Сделав вид, словно ищу что-то в пальто, я вытаскиваю руку и размахиваю перед лицом бывшего средним пальцем с улыбкой на губах. Пусть катятся прямо в ад, я лично помогу доставить каждого члена этой сраной группировки туда.
– Теперь понятно?
Вздыхая, он качает головой. На какой-то момент мне даже кажется, что я улавливаю панику и страх в его небесных глазах, но я больше не так наивна, меня не проведёшь. Я не та Грейси, которую отправили в Америку. Я скорей откручу себе голову, чем пойду за ними. Следом мой посыл получают родители.
– Кажется, моя дочурка плохо понимает по-хорошему, – притворно спокойно улыбается отец, когда мимо проходят люди, оставляя нас одних.
Когда он делает шаг в нашу сторону, я инстинктивно делаю два назад и, замечая это, Арчер хмурится. Ещё бы, ведь он не знает ни о чём, что происходило со мной в нашем идеальном замке.
– Ты сядешь в эту машину, Грейси, потому что на кону жизнь твоего дворняги, – оголяя белоснежную улыбку, вторит он.
Проглотив ком ужаса, я стараюсь сделать равнодушный вид, но, кажется, дрожь в коленях выдаёт меня. Арчер не мог им сказать. Не может быть. Они не могут знать о Диего.
– А что, в кампусе разрешили заводить животных? – язвлю я, возводя барьер непонимания и защиты.

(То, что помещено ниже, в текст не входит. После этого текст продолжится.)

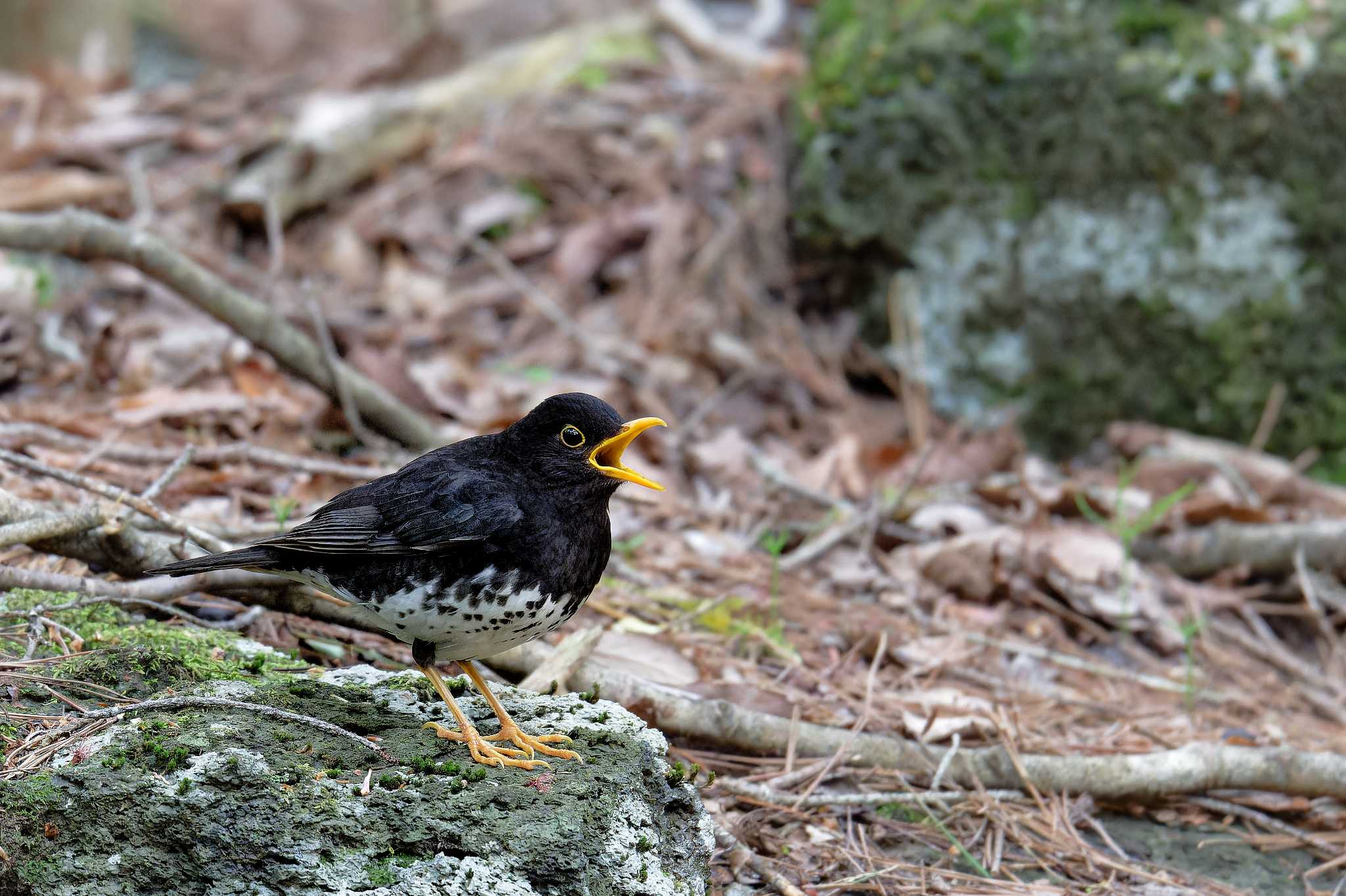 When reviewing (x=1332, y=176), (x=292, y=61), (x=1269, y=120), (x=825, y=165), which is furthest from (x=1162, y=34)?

– Оказывает да, твой дедуля разве тебе не сообщил?
Ему известно о том, что я всё узнала о бабушке с дедушкой? Видимо да, судя на надменной роже отца, словно он выиграл пару мировых воин.
– Да—да, Грейси, я всегда на шаг впереди, а тут, получается, что сразу на три шага.
– Что ты несёшь?
– Я позволил, чтобы ты узнала о них, скажи спасибо. О, да, может, поговорим о твоём наказанном дружке? Как думаешь, ему нравится на свободе?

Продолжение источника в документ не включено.